Come si fa Open Innovation in Italia?

Con la “Open Innovation Readiness”, la ricerca confronta le 36 top aziende italiane per fatturato con le 36 top europee sulla base dei due indicatori di innovazione “interna” (strategia, organizzazione, processi, cultura) ed “esterna" (azioni e risultati). 

Ne emergono chiaramente 4 tipi di approcci

  • Open Innovation Newcomer: aziende che si sono appena avvicinate all’Open Innovation e di conseguenza non hanno strutture dedicate;
  • Open Innovation Trailblazer: aziende che hanno avviato azioni di Open Innovation senza tuttavia avere piani e strutture dedicate;
  • Open Innovation Challenger: aziende che si stanno strutturando per lavorare con le startup ma che devono ancora produrre risultati;
  • Corporate Startup Star: aziende propriamente strutturate che producono risultati concreti in termini di collaborazione con le startup (collaborazioni commerciali, investimenti, acquisizioni). 

Dall’analisi emerge chiaramente come le principali aziende italiane (tranne alcune limitate eccezioni) si piazzano tra quelle che si stanno appena affacciando al mondo delle startup o che hanno iniziato a organizzarsi per poter fare innovazione in modo più strutturato.

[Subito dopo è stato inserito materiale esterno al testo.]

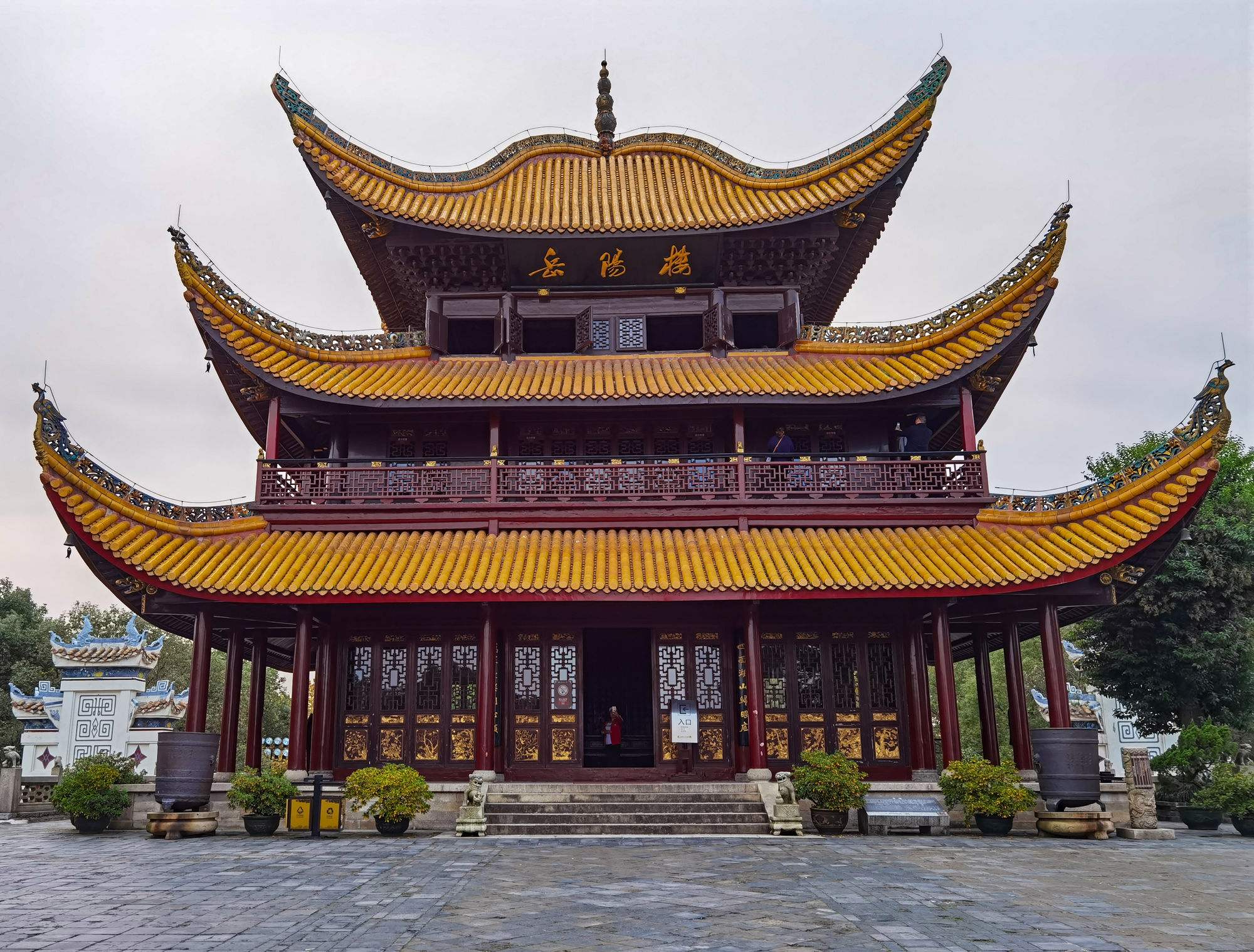 岳阳楼是江南三大名楼之一在哪里,中国四大古楼岳阳楼航拍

Affinché l’ago della bilancia si sposti verso un approccio più all’avanguardia, sottolinea Alberto Onetti, Chairman di Mind the Bridge illustrando i risultati della ricerca, è necessario “attrezzarsi con strategie e strutture dedicate e soprattutto adottare un approccio di scouting su scala internazionale. Difatti l’ecosistema italiano delle startup è ancora troppo poco maturo per poter supportare i bisogni di innovazione delle nostre imprese che di necessità devono guardare al resto d’Europa, agli Stati Uniti e a Israele”.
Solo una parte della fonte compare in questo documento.